2.2 Acquisitioning long-term crab statistical records

The crab population has been counted once a year in the early rainy season since 1997 by the park rangers. All carb holes are counted and the counted holes are marked with colored bamboo sticks to avoid duplication. This count is assumed that each hole is occupied by one crab.

2.3 Identifying significant vulnerable factors

Upon the in-depth interviews with nine park rangers who have worked at the Dun-Lumpun Non-Hunting Area for 11 to 19 years, six environmental factors were identified to have significant impacts on the crab population. They are 1) human intervention; 2) enemy population; 3) groundwater level; 4) groundwater quality; 5) soil characteristics; and 6) drought. Furthermore, each of the forest officers was asked to rank these six factors. Then, their given scores were averaged, rearranged, and normalized using the 10-based scale—ranging from 1 (the lowest) to 10 (the highest).
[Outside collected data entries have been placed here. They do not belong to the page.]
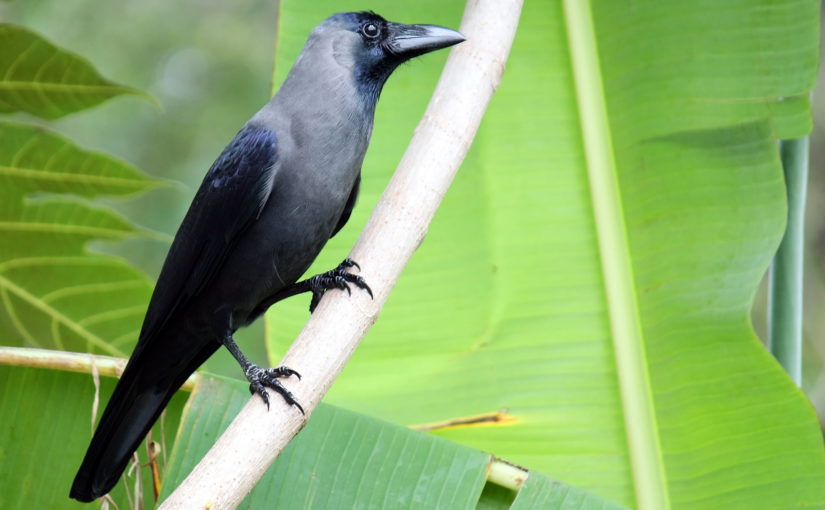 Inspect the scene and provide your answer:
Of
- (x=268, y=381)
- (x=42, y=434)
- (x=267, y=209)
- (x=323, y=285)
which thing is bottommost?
(x=42, y=434)

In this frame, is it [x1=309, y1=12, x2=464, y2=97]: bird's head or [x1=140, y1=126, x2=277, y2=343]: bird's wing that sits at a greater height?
[x1=309, y1=12, x2=464, y2=97]: bird's head

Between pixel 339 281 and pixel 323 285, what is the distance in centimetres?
30

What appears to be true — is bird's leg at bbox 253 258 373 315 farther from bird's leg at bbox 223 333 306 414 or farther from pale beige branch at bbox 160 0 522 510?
bird's leg at bbox 223 333 306 414

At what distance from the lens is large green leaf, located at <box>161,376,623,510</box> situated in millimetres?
1984

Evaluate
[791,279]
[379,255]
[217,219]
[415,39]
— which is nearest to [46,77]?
[217,219]

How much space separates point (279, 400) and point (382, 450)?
45 cm

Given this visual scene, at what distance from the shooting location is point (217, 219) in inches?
94.7

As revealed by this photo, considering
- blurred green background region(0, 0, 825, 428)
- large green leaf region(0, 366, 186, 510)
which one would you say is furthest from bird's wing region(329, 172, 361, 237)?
blurred green background region(0, 0, 825, 428)

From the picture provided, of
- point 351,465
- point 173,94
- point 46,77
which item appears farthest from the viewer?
point 173,94

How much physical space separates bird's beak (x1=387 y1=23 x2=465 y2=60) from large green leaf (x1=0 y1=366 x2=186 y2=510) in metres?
1.20

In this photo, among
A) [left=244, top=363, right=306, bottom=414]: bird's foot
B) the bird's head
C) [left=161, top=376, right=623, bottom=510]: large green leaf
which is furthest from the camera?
the bird's head

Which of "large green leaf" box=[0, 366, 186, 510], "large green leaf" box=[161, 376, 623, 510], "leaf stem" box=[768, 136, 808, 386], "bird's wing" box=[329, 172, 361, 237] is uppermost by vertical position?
"leaf stem" box=[768, 136, 808, 386]

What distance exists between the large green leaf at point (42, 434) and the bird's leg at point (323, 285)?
1.86 feet

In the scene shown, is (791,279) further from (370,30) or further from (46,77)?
(46,77)
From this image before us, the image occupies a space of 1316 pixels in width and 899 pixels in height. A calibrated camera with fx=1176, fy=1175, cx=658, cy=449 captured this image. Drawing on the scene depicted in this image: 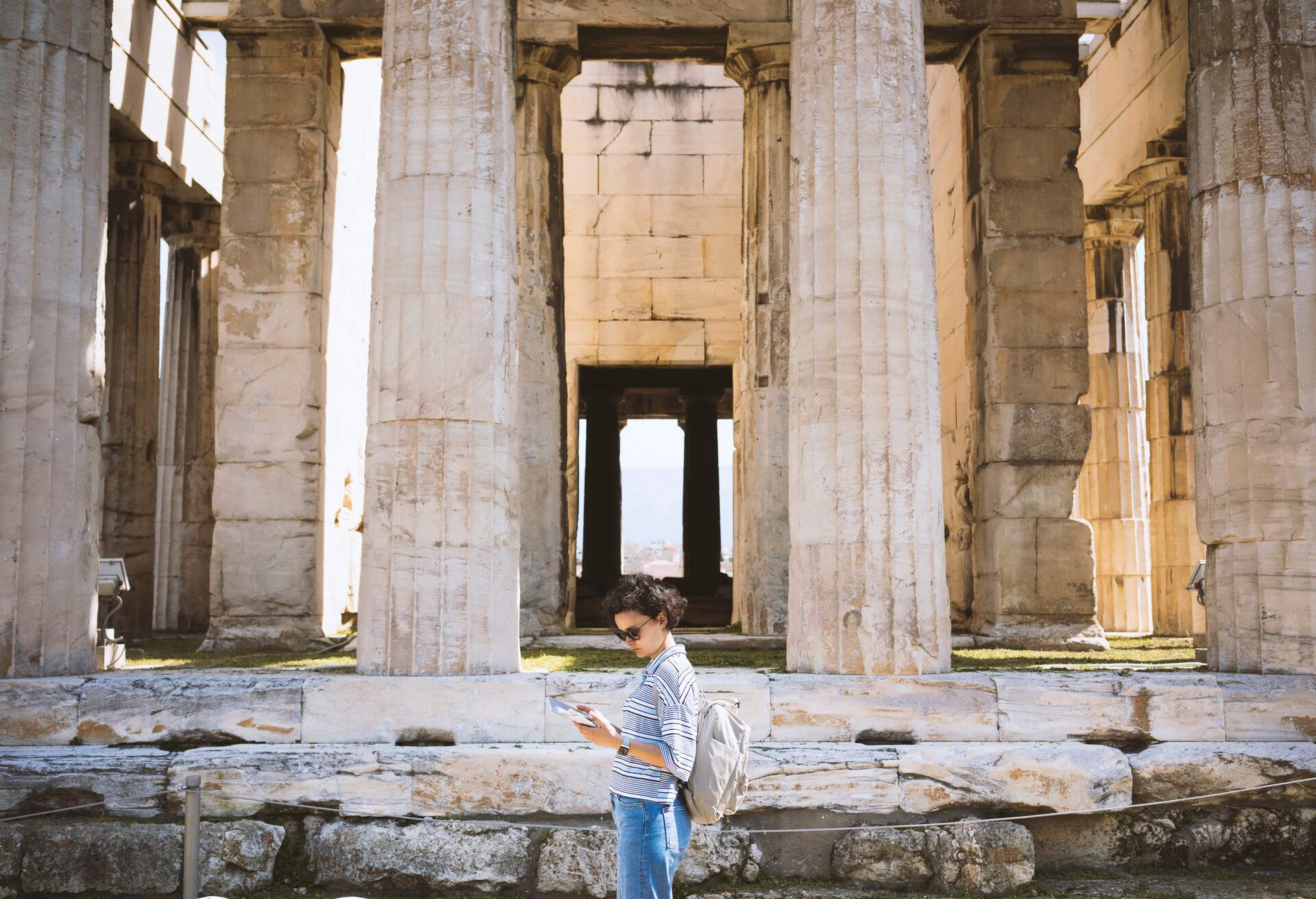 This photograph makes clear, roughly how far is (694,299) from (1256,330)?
11.5m

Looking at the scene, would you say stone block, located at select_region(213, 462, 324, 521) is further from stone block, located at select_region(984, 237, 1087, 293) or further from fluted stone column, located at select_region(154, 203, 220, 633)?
stone block, located at select_region(984, 237, 1087, 293)

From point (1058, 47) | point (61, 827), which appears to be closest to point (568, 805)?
point (61, 827)

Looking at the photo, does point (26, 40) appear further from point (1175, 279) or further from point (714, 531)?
point (714, 531)

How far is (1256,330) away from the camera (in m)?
9.77

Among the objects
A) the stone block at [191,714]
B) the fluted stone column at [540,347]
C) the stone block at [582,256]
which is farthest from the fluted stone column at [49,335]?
the stone block at [582,256]

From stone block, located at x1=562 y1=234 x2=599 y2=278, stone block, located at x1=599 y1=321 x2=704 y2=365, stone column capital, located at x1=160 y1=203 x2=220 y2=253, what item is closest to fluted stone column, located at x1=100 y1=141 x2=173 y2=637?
stone column capital, located at x1=160 y1=203 x2=220 y2=253

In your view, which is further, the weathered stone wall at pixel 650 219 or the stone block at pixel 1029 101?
the weathered stone wall at pixel 650 219

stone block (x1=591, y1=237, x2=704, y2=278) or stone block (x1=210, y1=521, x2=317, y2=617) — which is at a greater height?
stone block (x1=591, y1=237, x2=704, y2=278)

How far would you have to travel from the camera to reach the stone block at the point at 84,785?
820cm

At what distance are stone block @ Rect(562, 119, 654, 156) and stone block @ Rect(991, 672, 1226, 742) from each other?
1403 centimetres

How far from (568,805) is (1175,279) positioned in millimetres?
14219

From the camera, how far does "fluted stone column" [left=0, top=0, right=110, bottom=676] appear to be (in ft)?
30.8

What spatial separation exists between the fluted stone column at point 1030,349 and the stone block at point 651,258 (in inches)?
253

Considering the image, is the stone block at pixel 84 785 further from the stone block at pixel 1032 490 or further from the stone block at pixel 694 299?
the stone block at pixel 694 299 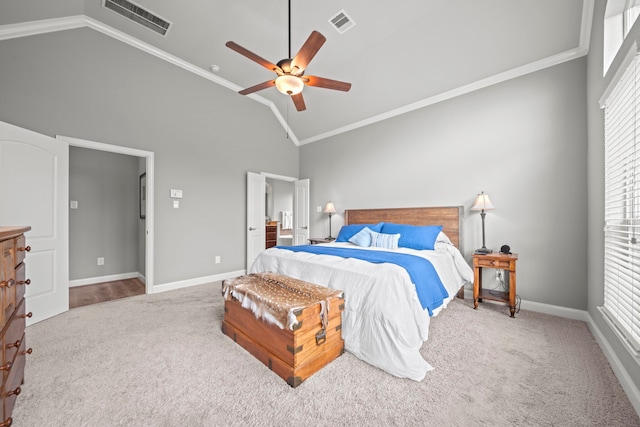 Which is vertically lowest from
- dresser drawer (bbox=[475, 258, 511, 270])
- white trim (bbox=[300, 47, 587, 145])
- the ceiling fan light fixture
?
dresser drawer (bbox=[475, 258, 511, 270])

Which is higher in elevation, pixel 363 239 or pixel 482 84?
pixel 482 84

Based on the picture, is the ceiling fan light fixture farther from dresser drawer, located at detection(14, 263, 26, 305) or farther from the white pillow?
dresser drawer, located at detection(14, 263, 26, 305)

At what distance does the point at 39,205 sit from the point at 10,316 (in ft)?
7.10

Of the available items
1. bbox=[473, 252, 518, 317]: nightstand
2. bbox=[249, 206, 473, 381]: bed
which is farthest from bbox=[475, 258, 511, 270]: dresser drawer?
bbox=[249, 206, 473, 381]: bed

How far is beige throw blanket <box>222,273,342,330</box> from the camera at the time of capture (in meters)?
1.70

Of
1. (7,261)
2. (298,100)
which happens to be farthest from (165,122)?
(7,261)

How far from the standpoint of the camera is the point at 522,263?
3.05m

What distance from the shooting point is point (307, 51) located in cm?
216

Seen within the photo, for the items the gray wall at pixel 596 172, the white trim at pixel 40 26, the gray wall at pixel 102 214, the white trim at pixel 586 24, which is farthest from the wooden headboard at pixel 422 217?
the white trim at pixel 40 26

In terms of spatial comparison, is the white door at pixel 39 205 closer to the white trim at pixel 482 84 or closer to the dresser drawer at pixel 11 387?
the dresser drawer at pixel 11 387

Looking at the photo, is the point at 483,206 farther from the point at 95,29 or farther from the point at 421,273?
the point at 95,29

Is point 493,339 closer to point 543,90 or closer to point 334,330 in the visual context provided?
point 334,330

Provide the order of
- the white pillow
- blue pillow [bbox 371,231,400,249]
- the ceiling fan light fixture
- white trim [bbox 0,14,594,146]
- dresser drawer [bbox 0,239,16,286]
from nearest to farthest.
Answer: dresser drawer [bbox 0,239,16,286], the ceiling fan light fixture, white trim [bbox 0,14,594,146], blue pillow [bbox 371,231,400,249], the white pillow

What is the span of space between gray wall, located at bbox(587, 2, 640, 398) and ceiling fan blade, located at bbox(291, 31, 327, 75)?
227 cm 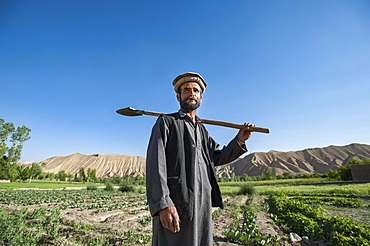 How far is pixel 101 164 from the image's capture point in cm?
10962

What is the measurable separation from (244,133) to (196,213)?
3.48 feet

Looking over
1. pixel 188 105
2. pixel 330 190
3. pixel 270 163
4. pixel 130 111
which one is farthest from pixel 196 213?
pixel 270 163

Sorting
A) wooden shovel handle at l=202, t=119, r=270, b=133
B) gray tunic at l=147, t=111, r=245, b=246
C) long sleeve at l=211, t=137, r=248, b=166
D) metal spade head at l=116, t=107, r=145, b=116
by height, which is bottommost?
gray tunic at l=147, t=111, r=245, b=246

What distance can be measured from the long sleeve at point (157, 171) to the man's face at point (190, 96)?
0.37m

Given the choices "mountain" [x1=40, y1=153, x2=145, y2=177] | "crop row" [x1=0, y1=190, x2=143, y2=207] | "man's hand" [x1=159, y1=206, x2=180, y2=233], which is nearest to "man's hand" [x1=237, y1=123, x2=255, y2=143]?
"man's hand" [x1=159, y1=206, x2=180, y2=233]

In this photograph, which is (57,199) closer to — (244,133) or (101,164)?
(244,133)

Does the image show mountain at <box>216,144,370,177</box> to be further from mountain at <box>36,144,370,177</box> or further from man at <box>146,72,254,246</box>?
man at <box>146,72,254,246</box>

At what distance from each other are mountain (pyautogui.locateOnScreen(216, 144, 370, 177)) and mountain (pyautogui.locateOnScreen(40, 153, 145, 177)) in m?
48.6

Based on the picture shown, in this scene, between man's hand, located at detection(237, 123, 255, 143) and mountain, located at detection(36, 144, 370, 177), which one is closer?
man's hand, located at detection(237, 123, 255, 143)

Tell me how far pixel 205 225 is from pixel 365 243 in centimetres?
369

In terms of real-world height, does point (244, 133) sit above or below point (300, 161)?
below

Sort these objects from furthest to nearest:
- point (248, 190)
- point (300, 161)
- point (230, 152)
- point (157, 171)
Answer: point (300, 161)
point (248, 190)
point (230, 152)
point (157, 171)

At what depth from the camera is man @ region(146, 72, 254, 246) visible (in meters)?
1.45

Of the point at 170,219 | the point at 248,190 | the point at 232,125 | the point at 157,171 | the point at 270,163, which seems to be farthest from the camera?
the point at 270,163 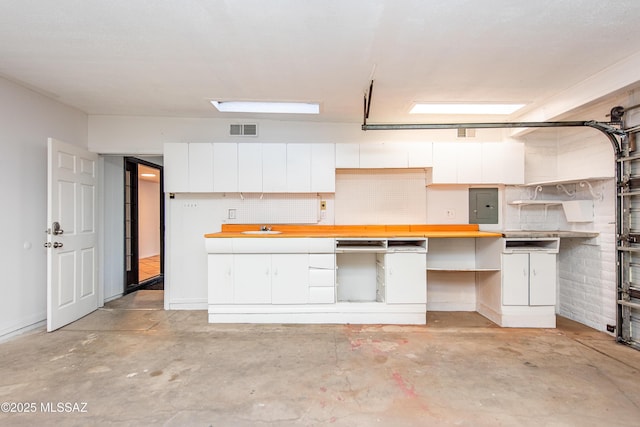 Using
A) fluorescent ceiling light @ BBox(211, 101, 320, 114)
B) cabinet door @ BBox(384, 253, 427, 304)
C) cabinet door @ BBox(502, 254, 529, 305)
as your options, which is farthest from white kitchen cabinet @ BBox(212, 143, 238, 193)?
cabinet door @ BBox(502, 254, 529, 305)

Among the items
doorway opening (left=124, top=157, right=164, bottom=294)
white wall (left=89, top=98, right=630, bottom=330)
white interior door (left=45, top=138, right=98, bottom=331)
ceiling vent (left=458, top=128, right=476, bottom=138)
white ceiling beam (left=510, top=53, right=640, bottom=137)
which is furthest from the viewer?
doorway opening (left=124, top=157, right=164, bottom=294)

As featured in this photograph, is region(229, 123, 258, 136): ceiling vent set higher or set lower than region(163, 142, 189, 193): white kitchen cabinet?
higher

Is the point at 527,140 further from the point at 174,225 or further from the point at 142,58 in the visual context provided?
the point at 174,225

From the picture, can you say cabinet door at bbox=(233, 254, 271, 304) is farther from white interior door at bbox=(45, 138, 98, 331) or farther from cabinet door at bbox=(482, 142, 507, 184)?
cabinet door at bbox=(482, 142, 507, 184)

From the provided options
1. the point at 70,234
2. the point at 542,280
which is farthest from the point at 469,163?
the point at 70,234

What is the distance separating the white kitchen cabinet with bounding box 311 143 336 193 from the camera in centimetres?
382

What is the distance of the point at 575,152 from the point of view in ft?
12.2

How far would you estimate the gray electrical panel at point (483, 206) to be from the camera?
4086 mm

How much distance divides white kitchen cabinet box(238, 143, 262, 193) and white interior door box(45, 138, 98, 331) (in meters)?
1.96

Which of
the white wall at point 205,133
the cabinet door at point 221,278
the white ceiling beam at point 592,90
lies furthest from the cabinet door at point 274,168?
the white ceiling beam at point 592,90

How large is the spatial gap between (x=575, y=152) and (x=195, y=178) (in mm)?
4875

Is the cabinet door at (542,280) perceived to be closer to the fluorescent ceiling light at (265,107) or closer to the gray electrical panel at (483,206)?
the gray electrical panel at (483,206)

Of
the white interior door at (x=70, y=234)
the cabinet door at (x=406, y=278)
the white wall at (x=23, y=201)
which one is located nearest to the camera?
the white wall at (x=23, y=201)

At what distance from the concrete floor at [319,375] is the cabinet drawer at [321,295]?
0.99ft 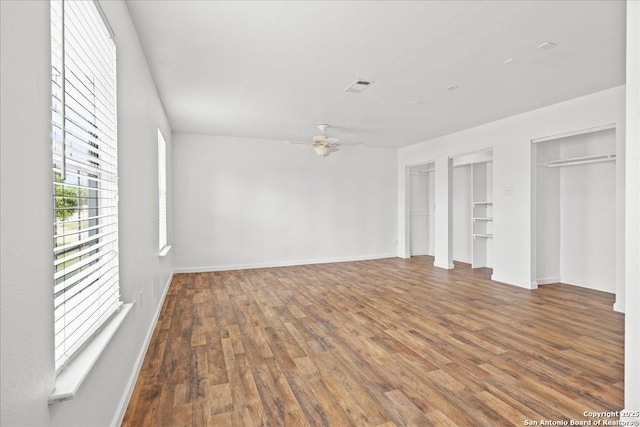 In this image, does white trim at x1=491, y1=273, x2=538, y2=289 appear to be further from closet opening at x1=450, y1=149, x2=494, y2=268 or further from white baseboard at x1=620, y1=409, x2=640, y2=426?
white baseboard at x1=620, y1=409, x2=640, y2=426

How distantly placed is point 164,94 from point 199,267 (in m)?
3.58

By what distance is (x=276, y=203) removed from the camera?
721 centimetres

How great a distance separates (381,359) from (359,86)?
3033 mm

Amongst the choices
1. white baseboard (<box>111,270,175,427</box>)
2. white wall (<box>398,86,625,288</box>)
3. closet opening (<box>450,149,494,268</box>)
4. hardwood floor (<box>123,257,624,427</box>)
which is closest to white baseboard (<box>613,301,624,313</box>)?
hardwood floor (<box>123,257,624,427</box>)

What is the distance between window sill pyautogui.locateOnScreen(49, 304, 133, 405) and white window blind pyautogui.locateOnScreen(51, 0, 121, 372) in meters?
0.04

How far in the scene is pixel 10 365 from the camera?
878mm

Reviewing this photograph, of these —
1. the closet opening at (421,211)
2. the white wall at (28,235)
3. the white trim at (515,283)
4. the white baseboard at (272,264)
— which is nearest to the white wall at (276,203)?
the white baseboard at (272,264)

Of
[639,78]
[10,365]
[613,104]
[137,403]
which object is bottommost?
[137,403]

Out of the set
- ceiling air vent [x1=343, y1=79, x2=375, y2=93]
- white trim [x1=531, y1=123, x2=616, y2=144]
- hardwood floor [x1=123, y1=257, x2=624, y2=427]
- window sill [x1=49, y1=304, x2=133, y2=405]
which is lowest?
hardwood floor [x1=123, y1=257, x2=624, y2=427]

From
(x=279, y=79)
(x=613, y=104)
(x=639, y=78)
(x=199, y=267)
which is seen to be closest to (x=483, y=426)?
(x=639, y=78)

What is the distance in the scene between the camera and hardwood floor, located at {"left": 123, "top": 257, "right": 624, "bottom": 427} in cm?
206

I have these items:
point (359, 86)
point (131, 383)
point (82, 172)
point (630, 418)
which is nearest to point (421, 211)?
point (359, 86)

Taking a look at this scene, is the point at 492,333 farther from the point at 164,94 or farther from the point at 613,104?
the point at 164,94

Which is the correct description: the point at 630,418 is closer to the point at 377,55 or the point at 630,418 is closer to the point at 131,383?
the point at 131,383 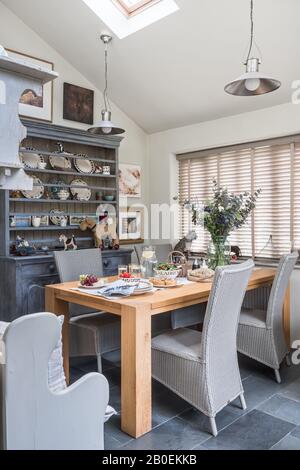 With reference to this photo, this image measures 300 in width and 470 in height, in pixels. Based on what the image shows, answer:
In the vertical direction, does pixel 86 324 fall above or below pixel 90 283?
below

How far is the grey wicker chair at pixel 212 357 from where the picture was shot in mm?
2031

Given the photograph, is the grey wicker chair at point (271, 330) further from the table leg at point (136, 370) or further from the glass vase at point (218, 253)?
the table leg at point (136, 370)

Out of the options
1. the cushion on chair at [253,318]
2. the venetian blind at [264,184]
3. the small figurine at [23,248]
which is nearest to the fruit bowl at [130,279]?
the cushion on chair at [253,318]

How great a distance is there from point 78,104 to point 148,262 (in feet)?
7.08

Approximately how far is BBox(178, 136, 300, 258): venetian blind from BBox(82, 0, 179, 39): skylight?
4.91 feet

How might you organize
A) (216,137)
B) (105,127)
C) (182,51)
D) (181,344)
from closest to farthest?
(181,344)
(105,127)
(182,51)
(216,137)

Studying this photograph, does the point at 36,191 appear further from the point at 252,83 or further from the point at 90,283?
the point at 252,83

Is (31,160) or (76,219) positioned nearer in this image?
(31,160)

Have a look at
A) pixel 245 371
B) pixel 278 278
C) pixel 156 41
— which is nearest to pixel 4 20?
pixel 156 41

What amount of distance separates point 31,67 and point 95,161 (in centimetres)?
311

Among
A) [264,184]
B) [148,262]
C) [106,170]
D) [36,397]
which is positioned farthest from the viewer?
[106,170]

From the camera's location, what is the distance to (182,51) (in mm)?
3375

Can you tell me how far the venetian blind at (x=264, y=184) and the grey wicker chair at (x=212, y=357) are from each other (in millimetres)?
1650

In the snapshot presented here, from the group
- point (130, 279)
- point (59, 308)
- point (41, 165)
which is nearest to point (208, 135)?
point (41, 165) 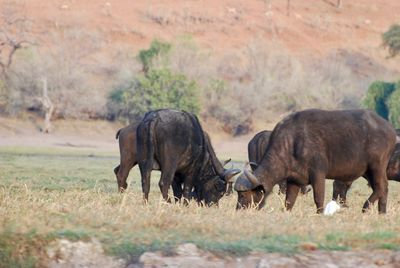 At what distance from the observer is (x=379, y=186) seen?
42.3 feet

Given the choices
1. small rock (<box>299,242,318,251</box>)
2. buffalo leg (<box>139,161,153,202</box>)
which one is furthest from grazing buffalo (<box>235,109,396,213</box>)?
small rock (<box>299,242,318,251</box>)

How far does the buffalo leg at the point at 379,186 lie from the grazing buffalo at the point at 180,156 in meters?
2.05

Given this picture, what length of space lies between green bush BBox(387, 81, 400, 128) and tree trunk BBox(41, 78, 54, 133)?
45.7 feet

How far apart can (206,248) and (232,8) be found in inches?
2640

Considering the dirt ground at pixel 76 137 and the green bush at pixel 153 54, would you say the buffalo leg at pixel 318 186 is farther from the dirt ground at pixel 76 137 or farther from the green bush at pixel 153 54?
the green bush at pixel 153 54

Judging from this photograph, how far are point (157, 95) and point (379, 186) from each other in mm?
32185

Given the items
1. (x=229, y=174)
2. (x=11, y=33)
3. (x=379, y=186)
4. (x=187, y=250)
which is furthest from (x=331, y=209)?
(x=11, y=33)

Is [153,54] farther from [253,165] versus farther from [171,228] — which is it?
[171,228]

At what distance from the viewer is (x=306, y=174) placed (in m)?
12.7

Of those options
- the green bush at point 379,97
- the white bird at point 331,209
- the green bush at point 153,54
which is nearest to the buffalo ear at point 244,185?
the white bird at point 331,209

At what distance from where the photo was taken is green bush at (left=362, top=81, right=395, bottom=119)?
4472 centimetres

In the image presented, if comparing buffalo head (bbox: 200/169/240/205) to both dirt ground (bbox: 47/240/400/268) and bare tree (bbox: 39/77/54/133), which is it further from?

2.4 Observations of physical characteristics of the crabs, their behaviors, and habitats

Physical characteristics were assessed from the crabs in the exhibition zone. The measurements and observations dealt with sex, size, weight, and the appearance of eggs on female pleon. In terms of their behavior and habitat, the observations were carried out through several means as described below:
Nighttime observations were conducted using an infrared video recorder (Power Bank Full HD 1920×1080 P model), which captured 5 randomly selected holes in the forest from 7:00 PM to 2:00 AM from 9 April to 24 October 2016.
Daytime observations of 34 crab hiding holes at three studied sites (see Fig. 1) in the forest were conducted once a month from 9 April to 24 October 2016 to determine the hole-closure period, seasonal survival rate, and the dimension of the food-scavenging zone. The longest diameter of the hole and the scavenging zone, the area with less leaf litter (Fig. 2), were measured. The dynamic status of the holes was classified into ‘activated’, ‘abandoned’, and ‘closured’. The active hole was suggested from clean holes with fresh-wet soil balls nearby. The abandoned hole refers to an unoccupied status, probably because that crab is dead already or moved to anywhere else. This hole looks like pretty dirty holes without any fresh-wet soil balls, except a spider net inside the hole. The closured hole is identified as a shallow hole sealed with soil.
Fig. 2 Hole configuration and scavenging zone
Day-to-Night observations of crab behaviors in the exhibition zone were done once a month from 9 April to 24 October 2016 using an infrared video recorder (All-In-One HD IP camera). The exhibition zone is designed for the crabs with imitating natural habitats. It is a 1.0×1.5 m2 acrylic box, containing clay, plastic grass, natural rocks, and groundwater from the well outside the forest. Once every 15 minutes, the number of active crabs was counted for five minutes to study physical responses of the crabs to diurnal change. The crabs’ responses to human (such as tourists) intervention were also remarked from the video recorder.
A field survey was conducted on two transect lines (Fig. 1) with distances of 520.93 m for line A and 418.18 m for line B. Along with the survey, the number of holes (activated, abandoned, and closured) ± 1 meter from the lines were count, and photos of the hole environment were taken to determine proportions of the areas preferably inhabited by the crabs. This survey was done in the daytime on 14−15 August 2016. The results were also used to justify crab population density.
Interviews with the park rangers regarding crab spatial distribution started after the completion of the regular annual crab population survey in August 2016. All park rangers were asked to indicate densely crab populated areas on a grid map.
Measurements of the meteorological condition under the forest canopy were conducted from 9 April to 23 October 2016 using humidity, barometric pressure, temperature, and vapor pressure sensor (VP-4) with EM50 data logger from Decagon Devices, Inc. The sensor was installed at 1.60 m above the ground at Site 2. Furthermore, daily rainfall information was acquired from the Dun Lumpun Non-Hunting Area Rain gauge station, which has data available since January 2002.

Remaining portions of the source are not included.